The caretakers had been doing a shit job of keeping the plot clean despite the hefty price the eight siblings were paying. We showed up and started to pluck away the leaves and debris. To our dismay, the tent hadn’t arrived yet but we all knew it would be impossible to tolerate the ceremony in the sun. The monk showed up fifteen minutes later than scheduled, rolling up in a Benz, on their cellphone. We waited for the tent, beads of sweat dropping down the sides of our faces. Eventually, everything was in place. The chanting began to the drone of the bell. At last, we burned for my grandmother: buns, fruits, sticky rice, dumplings, noodles. Enough carbohydrates to last her a good while.

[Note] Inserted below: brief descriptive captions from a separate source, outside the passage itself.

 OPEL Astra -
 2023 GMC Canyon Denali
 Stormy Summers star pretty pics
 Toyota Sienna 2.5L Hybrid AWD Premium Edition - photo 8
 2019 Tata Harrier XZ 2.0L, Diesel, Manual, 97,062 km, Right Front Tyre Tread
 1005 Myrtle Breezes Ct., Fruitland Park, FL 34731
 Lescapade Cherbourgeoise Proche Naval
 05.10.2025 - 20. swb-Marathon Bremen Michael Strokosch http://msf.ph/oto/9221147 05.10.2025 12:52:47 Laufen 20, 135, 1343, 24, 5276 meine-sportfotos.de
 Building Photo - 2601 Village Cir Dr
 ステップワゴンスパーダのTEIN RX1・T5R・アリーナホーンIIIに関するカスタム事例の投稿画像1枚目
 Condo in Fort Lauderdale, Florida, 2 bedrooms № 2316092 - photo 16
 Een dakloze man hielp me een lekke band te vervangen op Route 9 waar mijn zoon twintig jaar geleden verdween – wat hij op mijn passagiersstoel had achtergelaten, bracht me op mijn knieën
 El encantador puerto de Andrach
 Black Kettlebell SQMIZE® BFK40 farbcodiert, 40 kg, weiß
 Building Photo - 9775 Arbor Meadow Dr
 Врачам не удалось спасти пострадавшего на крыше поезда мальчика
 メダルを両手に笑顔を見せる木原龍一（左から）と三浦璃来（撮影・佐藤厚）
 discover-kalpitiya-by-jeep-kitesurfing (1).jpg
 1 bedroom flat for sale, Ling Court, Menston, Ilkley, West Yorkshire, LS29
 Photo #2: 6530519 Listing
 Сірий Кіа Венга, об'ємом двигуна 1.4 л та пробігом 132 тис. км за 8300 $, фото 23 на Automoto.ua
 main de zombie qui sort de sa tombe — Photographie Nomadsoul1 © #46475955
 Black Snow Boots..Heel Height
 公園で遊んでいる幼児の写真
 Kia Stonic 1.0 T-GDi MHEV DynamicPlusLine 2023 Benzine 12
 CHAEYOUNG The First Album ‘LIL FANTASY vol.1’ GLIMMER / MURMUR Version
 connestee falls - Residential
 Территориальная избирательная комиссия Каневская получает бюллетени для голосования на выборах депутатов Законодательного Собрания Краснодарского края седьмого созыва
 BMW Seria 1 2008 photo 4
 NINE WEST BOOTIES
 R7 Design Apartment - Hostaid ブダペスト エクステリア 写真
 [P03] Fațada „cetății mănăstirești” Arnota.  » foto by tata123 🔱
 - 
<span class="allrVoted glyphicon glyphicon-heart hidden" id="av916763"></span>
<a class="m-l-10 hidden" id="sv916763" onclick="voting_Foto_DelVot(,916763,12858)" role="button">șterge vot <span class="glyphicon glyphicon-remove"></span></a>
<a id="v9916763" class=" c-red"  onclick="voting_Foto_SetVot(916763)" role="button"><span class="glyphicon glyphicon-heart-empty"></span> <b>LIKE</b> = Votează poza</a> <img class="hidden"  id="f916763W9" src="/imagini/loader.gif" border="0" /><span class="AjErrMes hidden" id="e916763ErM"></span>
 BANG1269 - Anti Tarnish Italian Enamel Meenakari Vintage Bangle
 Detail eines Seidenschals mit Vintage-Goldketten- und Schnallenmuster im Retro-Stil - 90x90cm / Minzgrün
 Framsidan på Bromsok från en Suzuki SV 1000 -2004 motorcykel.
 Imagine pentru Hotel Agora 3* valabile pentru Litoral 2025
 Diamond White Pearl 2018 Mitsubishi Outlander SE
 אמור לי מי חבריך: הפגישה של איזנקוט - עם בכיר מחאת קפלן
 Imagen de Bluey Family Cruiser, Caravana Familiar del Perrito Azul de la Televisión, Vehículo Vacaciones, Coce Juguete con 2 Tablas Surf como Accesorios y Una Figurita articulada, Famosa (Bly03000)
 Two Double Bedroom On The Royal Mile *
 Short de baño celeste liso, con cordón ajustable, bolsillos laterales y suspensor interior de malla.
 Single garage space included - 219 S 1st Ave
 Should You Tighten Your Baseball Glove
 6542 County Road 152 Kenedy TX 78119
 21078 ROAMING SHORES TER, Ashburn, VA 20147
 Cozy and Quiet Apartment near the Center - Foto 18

I was staying in her room, the only one without air-con. Nothing in the room had changed over the last fifty years. Everything was caked in brown dust— her clothes, her furniture, her boxes of jewelry, her ivory comb. Even when the last of her physical and mental facilities waned, she would comb her hair every morning.

This time, I had brought with me from Vancouver, a lover. A Singaporean-Canadian who I figured I would marry. We lay in my Grandma’s bed in stifling humidity. Below us, the spiralling of smoke from insect coils rose in the air. Despite the heat, he wore socks trying to dissuade the looming mosquitoes from feasting on his foreigner blood.

I laughed. We sweated. I whispered. We fucked sweetly. Socks came off. We sweated some more. I said:

grandma came to me after she died

that’s why I believe in ghosts


Spring 2016. Just my father and I travelling to Malaysia together this time. The first and only time.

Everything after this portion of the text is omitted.